◆ **WHAT TO WORK ON**:
Pictures are to be left out. Return exactly the lines below from the one with "SHREWD S2 STABILIZATOR LATERAL SCURT" up to and including the one with "GOM Player Free".

◆ **AVAILABLE DATA**:
********************

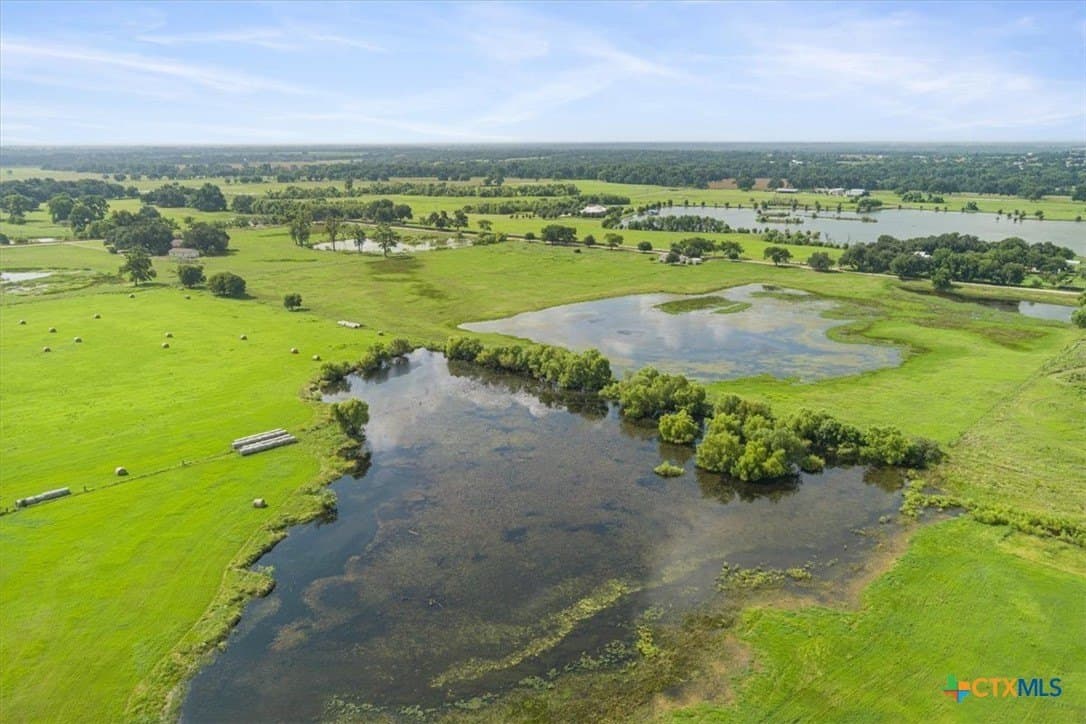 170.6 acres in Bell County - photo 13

********************

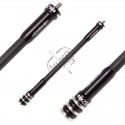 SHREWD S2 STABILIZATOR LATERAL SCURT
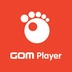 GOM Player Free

********************

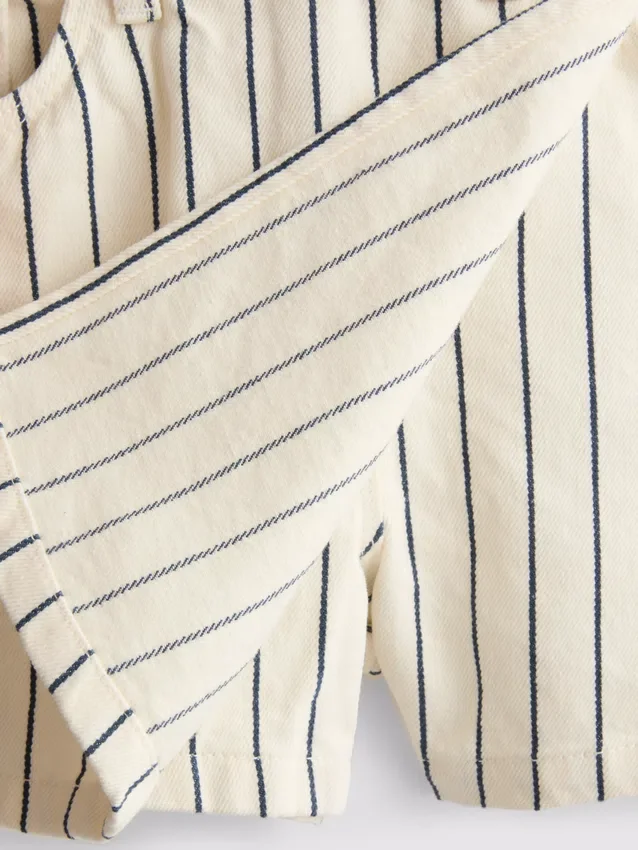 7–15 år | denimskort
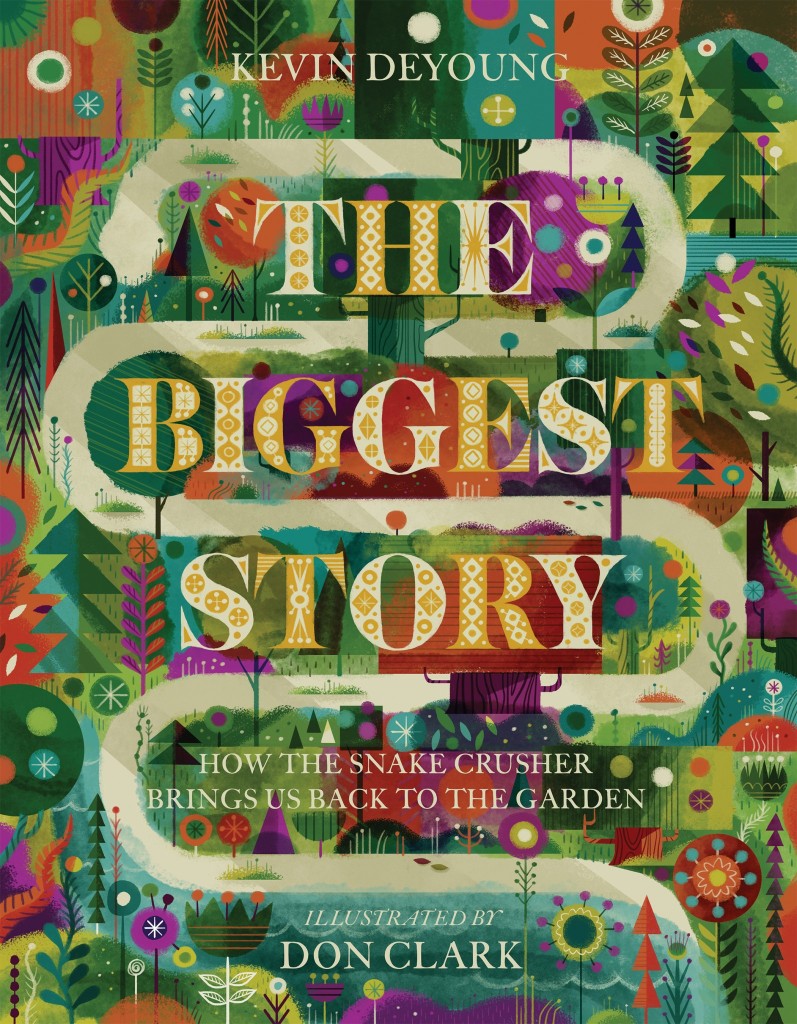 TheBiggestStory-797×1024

********************

◆ **ANSWER TO THE EXERCISE**:
 SHREWD S2 STABILIZATOR LATERAL SCURT
 GOM Player Free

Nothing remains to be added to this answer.